• What you need to do: The range to repeat runs from the line with "Pre Owned Carolina" to the last line below, both ends included; give it exactly and without pictures.

• Records supplied:
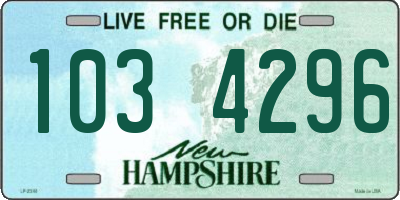 NH license plate 1034296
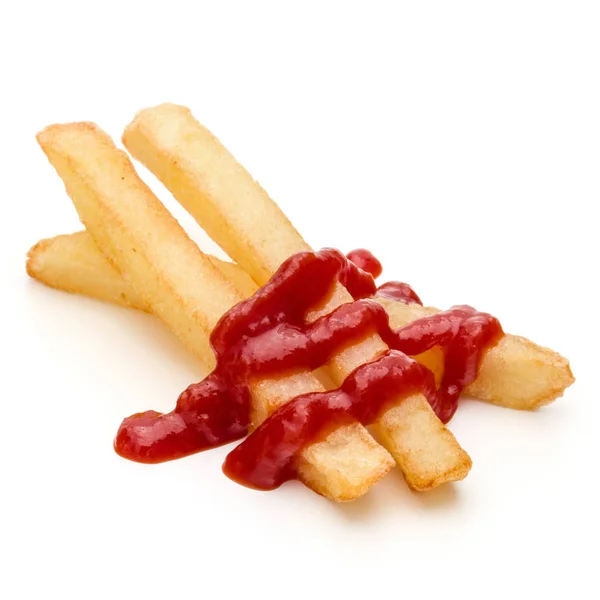 Patatas fritas francesas con salsa de tomate aislada sobre fondo blanco —  Fotos de Stock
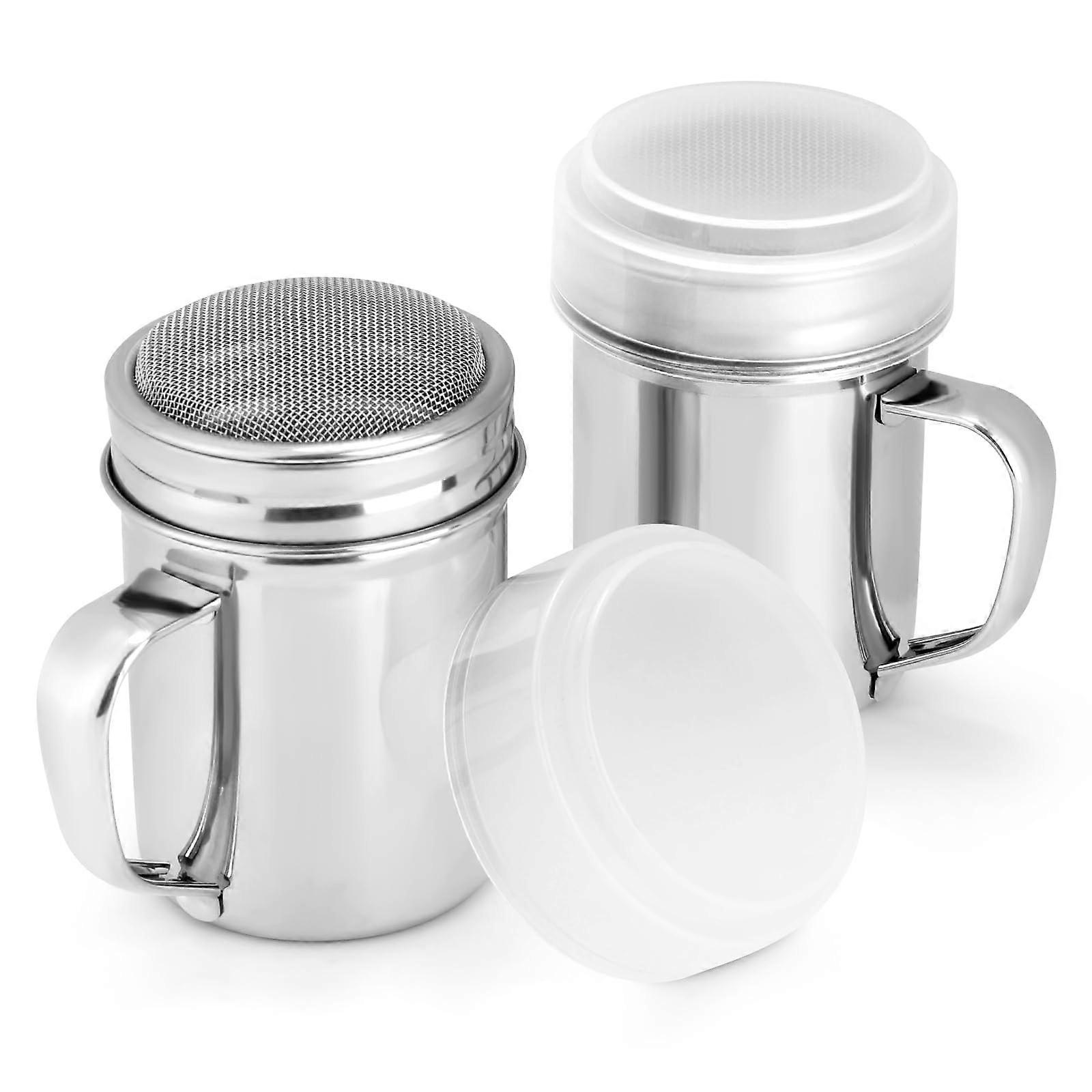 2 Pack Stainless Steel Powdered Sugar Shaker and Flour Sifter with Lid for Baking Cocoa Cinnamon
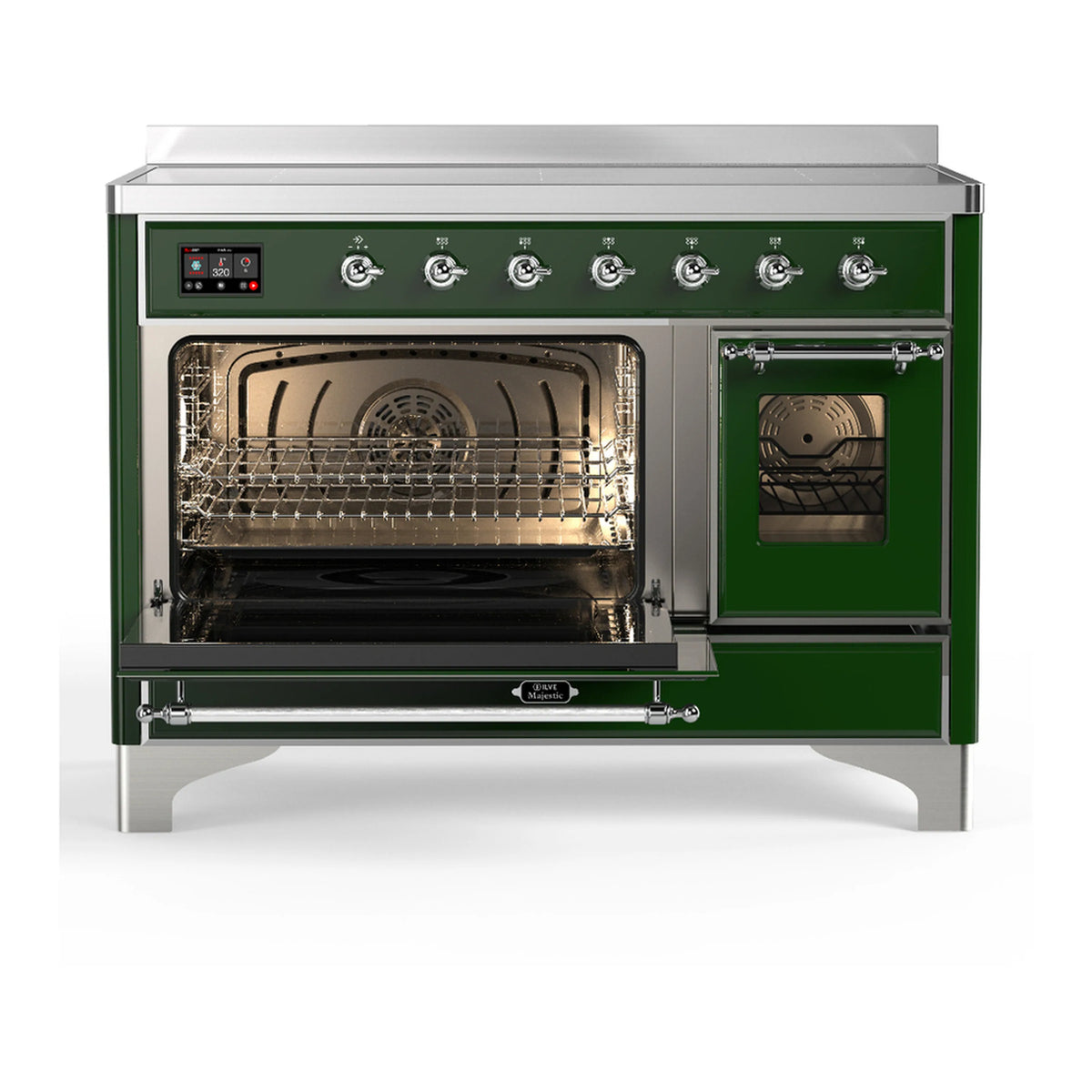 Emerald green induction range with both oven compartments open, wire racks and interior lighting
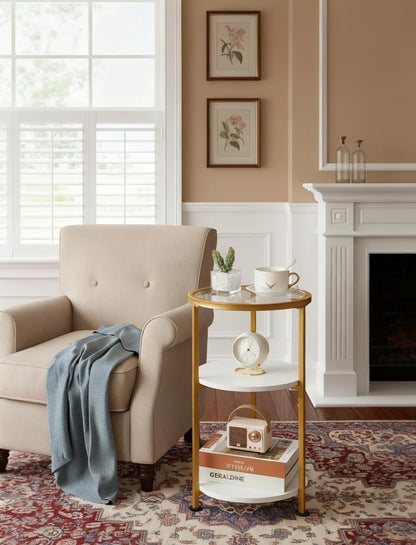 Glass Side Table, Tempered Glass Small round Side Table with 3-Tier Storage Shelves for Small Spaces, Modern Glass round End Table for Living Room, Bedside Table Nightstand for Bedroom (White)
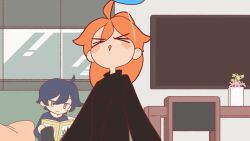 &gt;_&lt; 1boy 1girl ahoge angry animated balloon black_shirt blowing blue_eyes blue_hair blue_pants blue_shirt book closed_eyes constricted_pupils coughing hair_between_eyes high_ponytail holding holding_book indoors interior kicking long_hair long_sleeves looping_animation no_nose open_mouth orange_eyes orange_hair original pants ponytail punching reading shirt sitting smear_frame socks standing takarai_shunsuke tareme video white_socks wide_sleeves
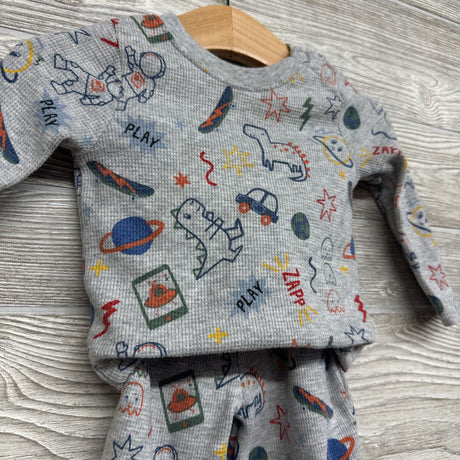 LS Waffle Knit Bodysuit & Pants Dinosaurs Skateboards 6-9M
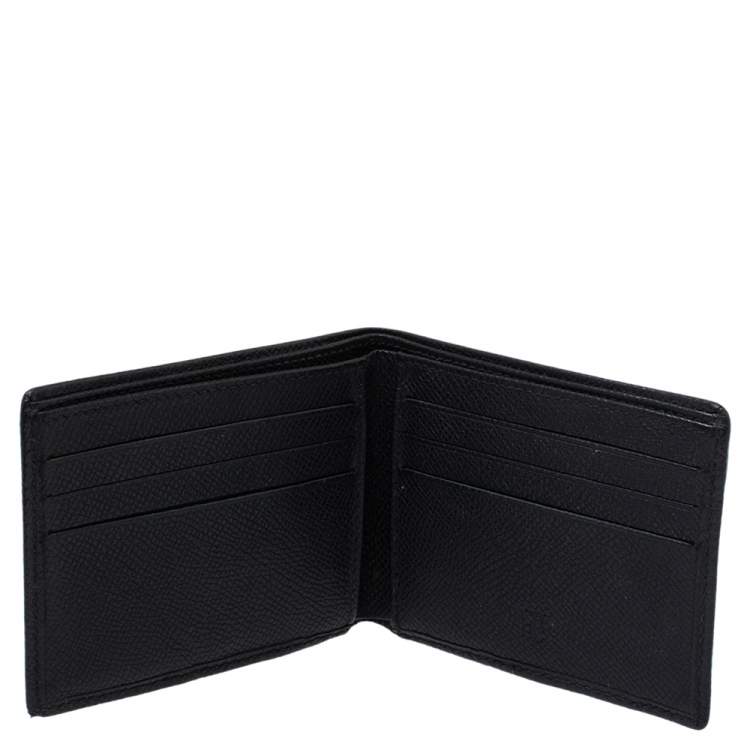 Pre Owned Carolina Herrera Black Monogram Leather Bi-Fold Wallet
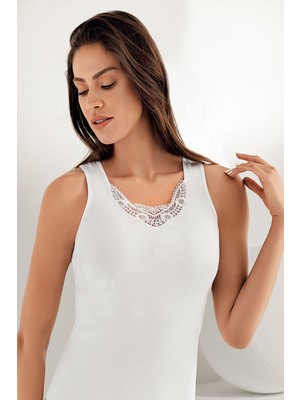 Şahinler Kadın Kalın Askılı Güpür Detaylı % 100 Pamuk 6 Adet Atlet 011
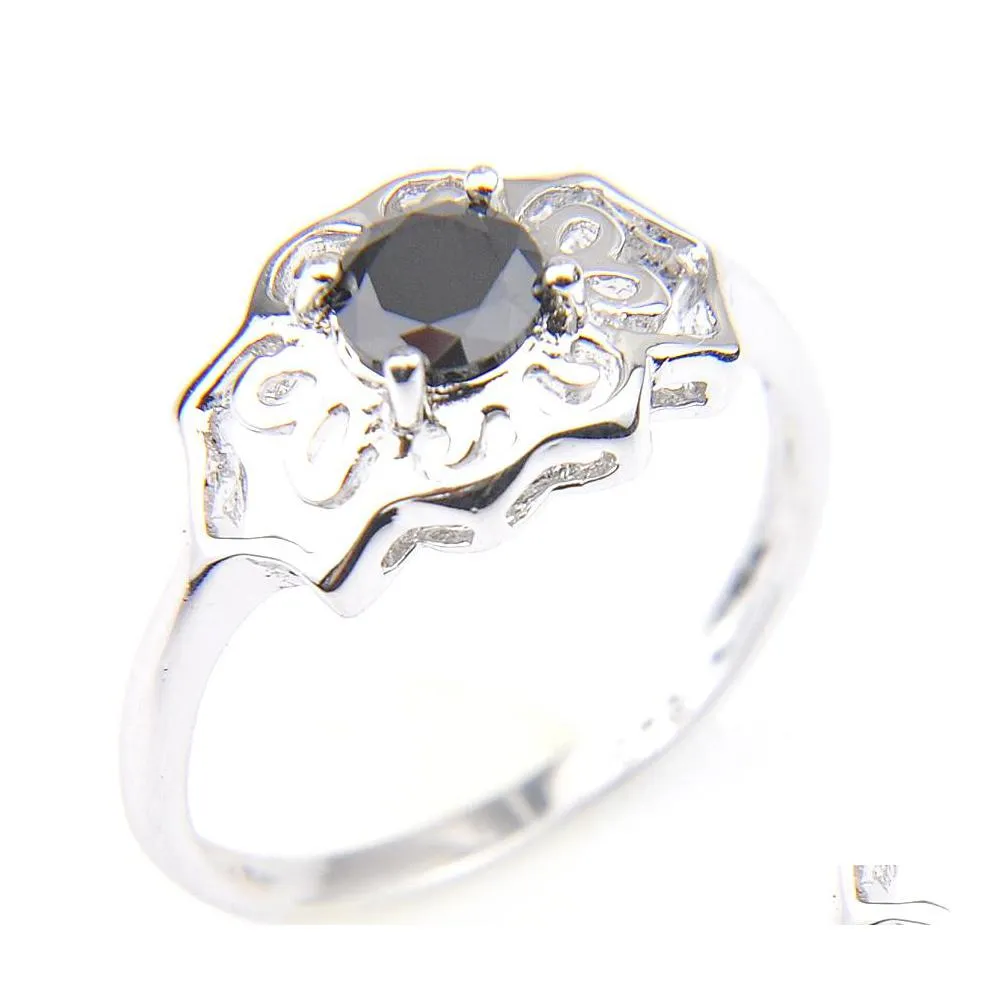 Solitaire anillo moda exquisita gemas de onyx negros forma de floración Sier Circón COCON BODA Joyería para mujer para mujer 10 PCS DHTFD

• Task result:
 Pre Owned Carolina Herrera Black Monogram Leather Bi-Fold Wallet
 Şahinler Kadın Kalın Askılı Güpür Detaylı % 100 Pamuk 6 Adet Atlet 011
 Solitaire anillo moda exquisita gemas de onyx negros forma de floración Sier Circón COCON BODA Joyería para mujer para mujer 10 PCS DHTFD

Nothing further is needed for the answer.